Boston explosions miss locals
Runners, spectators with ties to Forest Grove, Cornelius unscathed by marathon bombings
Monday started out in fine fashion for Boston Marathon participants hailing from western Washington County: skies were clear, the temperature was perfect and the crowds were ebullient.
"It was an amazing experience there were people cheering the whole way," said Elena Parker of Forest Grove, who competed in the women's 55-59 age group. "It gave me goose bumps."
Then, disaster struck.
Soon after Parker completed the race in 4:01 (four hours, one minute), just before noon West Coast time, a pair of explosions rocked downtown Boston and created chaos at the packed finish line on Boylston Street.

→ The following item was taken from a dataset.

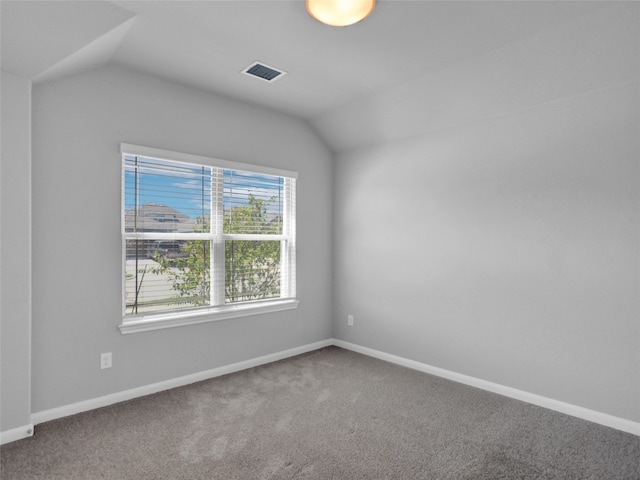 empty room featuring carpet and vaulted ceiling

With thousands of runners still on the course, emergency responders closed the area near the finish chute. Of the 23,326 runners who started the 117th Boston Marathon, 17,584 including Parker and at least three others with ties to Forest Grove and Cornelius completed the marathon before officials brought the world-famous footrace to an abrupt halt.
At least three people were killed and more than 100 injured in what is believed to have been an intentional bombing. An investigation by the FBI and other agencies is ongoing.
Parker, 55, had traveled to Boston with her son, Grayson Penfield, 21, who finished the race ahead of her as part of the men's 18-39 age group. Parker completed the marathon around 2:30 p.m. Boston time, about 20 minutes before the first explosion rocked Copley Square.
She was two blocks away when she heard the first blast.
"I was standing in line to get my clothing bag off my bus and I heard this big bang," Parker said. "Then there was another explosion, and I saw the smoke. I knew right away something bad had happened."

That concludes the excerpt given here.